Aku tak menghiraukan ejekannya dan masih melihat semua gambar yang dibawa sang EO, yang sekarang fokus matanya tertuju pada dada bidang plus telanjang milik David. Ah, tentu ia seorang atlet dan tubuhnya harus berotot, wajar, kan? 

"Linds, Coba kau lihat ini? Ada kesan rustic-nya dengan tableware dan hiasan di pintu masuk. Sisanya berkesan romantis dan elegan dengan bunga hidup. Kau kan mau keduanya?" Aku melihat sebuah gambar yang menurutku paling cocok dengan kemauan Lindsay. Aku menunjukkannya kepada Lindsay.

"Ah, ya.  Aku suka! Itulah gunanya kau datang, Rose!" ucapnya ketus kepadaku.

Ah, dia pasti masih mendendam soal urusan pesta ulang tahun itu. Aku tersenyum kecil dan menggaruk rambut pendekku dengan canggung.

"Yang ini venue-nya saja rent untuk dua sampai tiga jam mulai dari lima ratus juta," ucap sang EO sementara matanya memandang wajah David yang duduk bersandar dengan wajah malas.
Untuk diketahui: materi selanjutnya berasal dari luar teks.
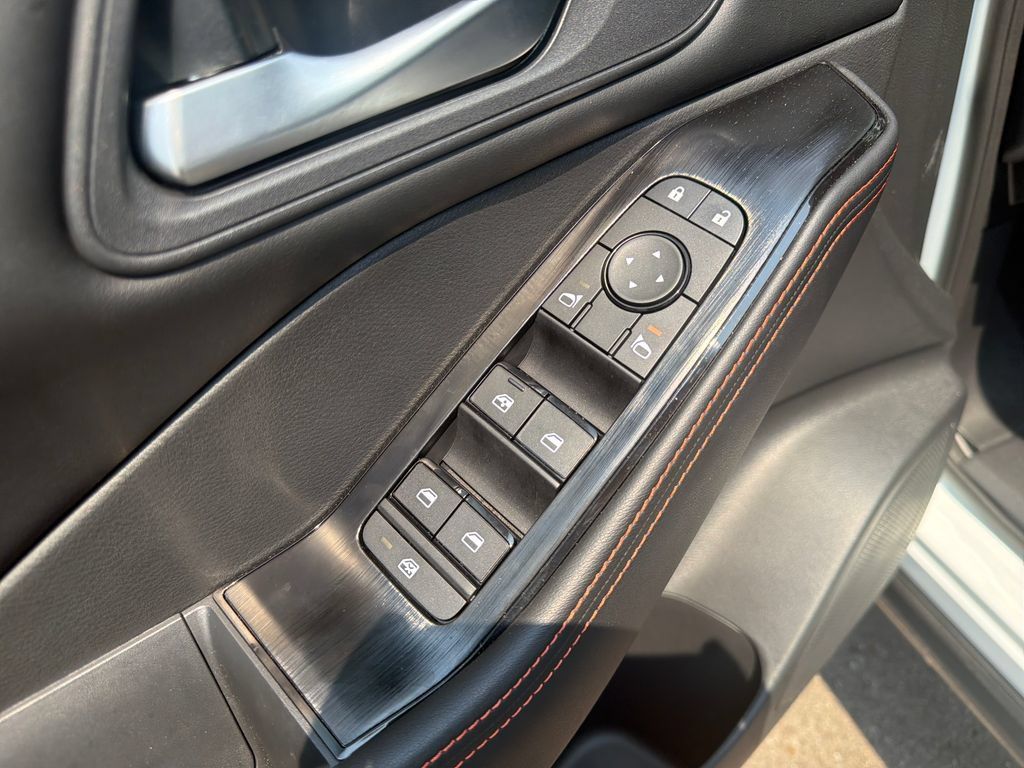 Certified 2026 Nissan Rogue SV AWD/4WD image 13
"I pay for it. Selama adikku setuju, aku juga setuju. Uang bukan masalah, akan kubayar semua." Ucapannya membuat perempuan cantik berprofesi sebagai EO itu merona dan memandangnya penuh kekaguman, sementara aku berdeham kecil dan bergumam.

"Sok pamer!"

"Apa kau bilang?" tanyanya menatap wajahku yang ia tarik dengan tangannya agar mengarah kepadanya.
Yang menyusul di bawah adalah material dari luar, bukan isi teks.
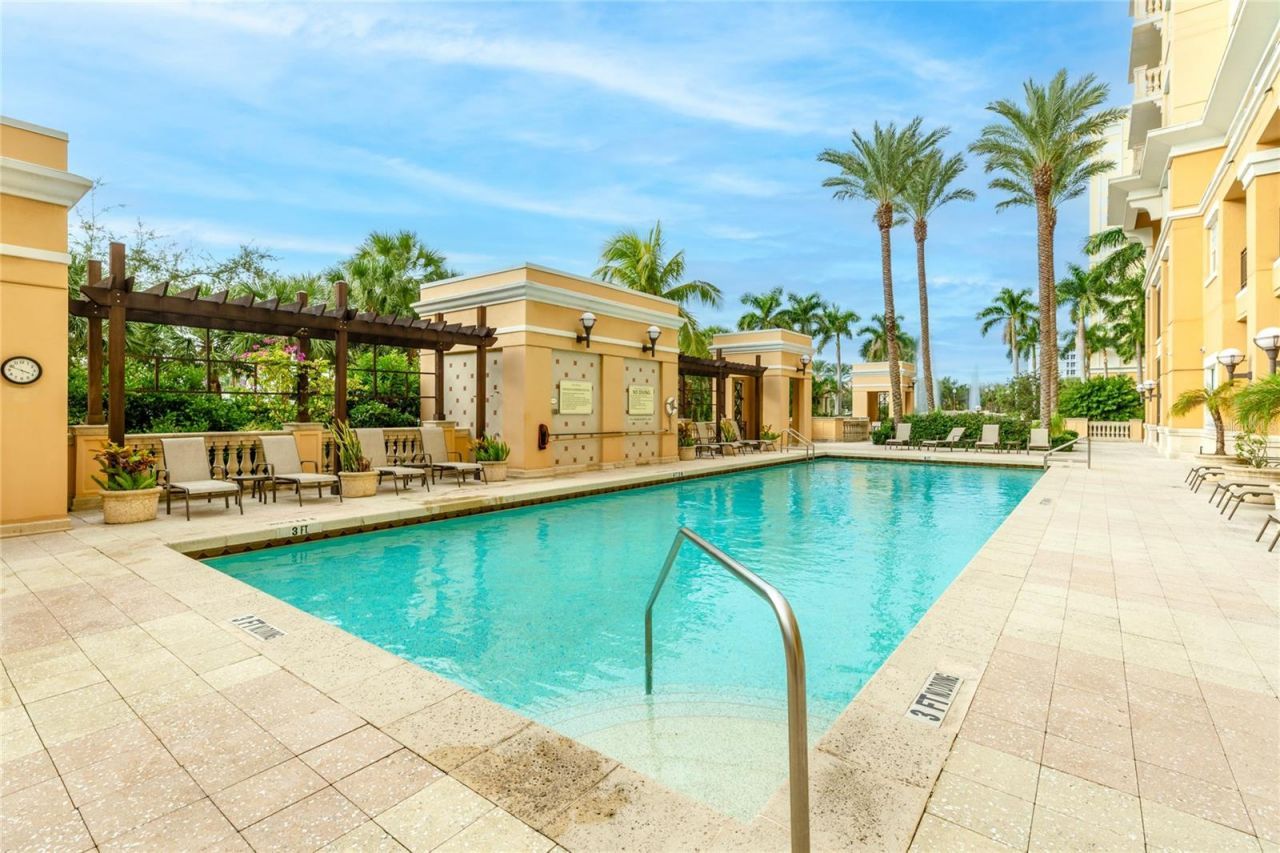 750 N Tamiami Trail, Unit 1007, Sarasota, FL 34236 Photo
Aku tersenyum malas. "Nothing."

"Dasar gendut! Sepertinya kau bertambah sepuluh kilo lagi ya semenjak kita terakhir bertemu? Kau semakin mirip dengan hippo!" ejeknya dan aku hanya melengos malas. Ia selalu seperti itu kepadaku, dan aku terbiasa dengan semua hinaannya. That is why, aku paling malas dan anti bertemu dengan makhluk yang satu ini.

Nona cantik ber-blazer elegan di depanku menutup mulutnya menahan tawa. Lalu ia berdeham kecil.

"So, deal yang ini?" tanyanya. Lindsay mengangguk. "Baik, nanti kalau ada keperluan lagi, saya akan menghubungi Mbak Lindsay ya?" Lindsay sekali lagi mengangguk.

"Mmh, Tuan David, boleh minta foto bareng?" tanya perempuan itu yang sudah memegang ponsel keluaran terbarunya.

David berdiri, dan dengan ketus menjawab, "Tidak!" Ia berjalan ke arah kamar yang sering ia tempati kalau menginap.

Dasar pria berengsek! batinku kesal.